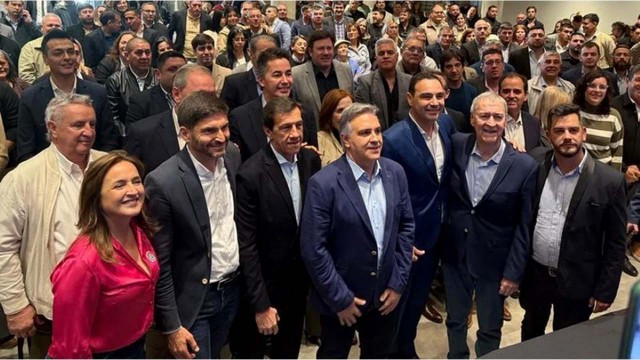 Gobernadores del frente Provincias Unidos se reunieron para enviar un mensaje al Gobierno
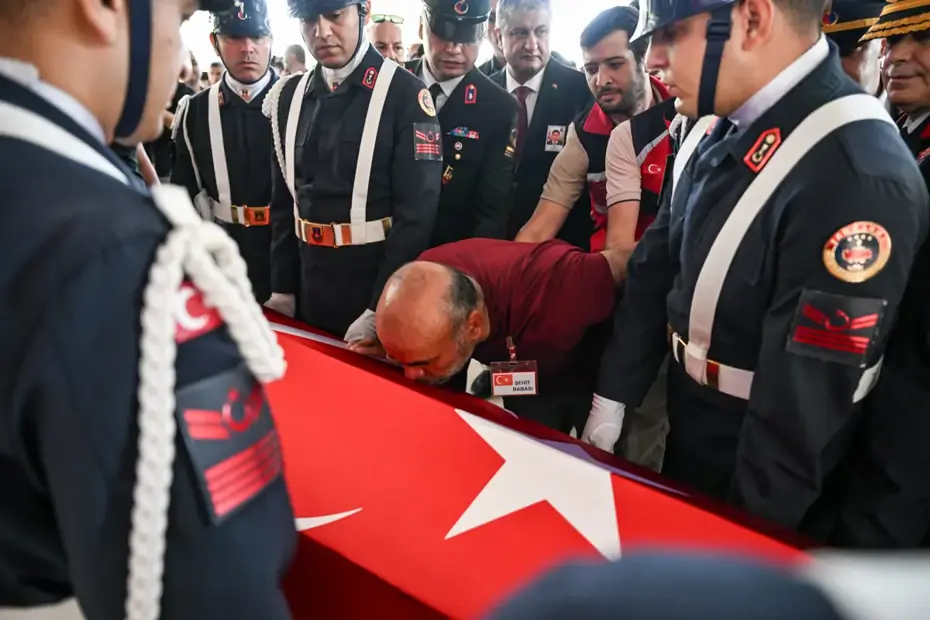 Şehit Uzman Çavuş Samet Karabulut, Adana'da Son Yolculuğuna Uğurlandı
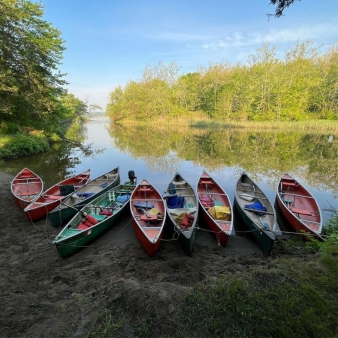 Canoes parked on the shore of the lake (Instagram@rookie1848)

☆ ☆ ☆ ☆

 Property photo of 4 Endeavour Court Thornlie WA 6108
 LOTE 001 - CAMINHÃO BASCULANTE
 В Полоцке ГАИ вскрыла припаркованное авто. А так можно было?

☆ ☆ ☆ ☆

Find the line with "Gobernadores del frente" in the data above, and from there retype each line exactly through the line with "Canoes parked on", skipping the pictures along the way.

**Output of the exercise:**
 Gobernadores del frente Provincias Unidos se reunieron para enviar un mensaje al Gobierno
 Şehit Uzman Çavuş Samet Karabulut, Adana'da Son Yolculuğuna Uğurlandı
 Canoes parked on the shore of the lake (Instagram@rookie1848)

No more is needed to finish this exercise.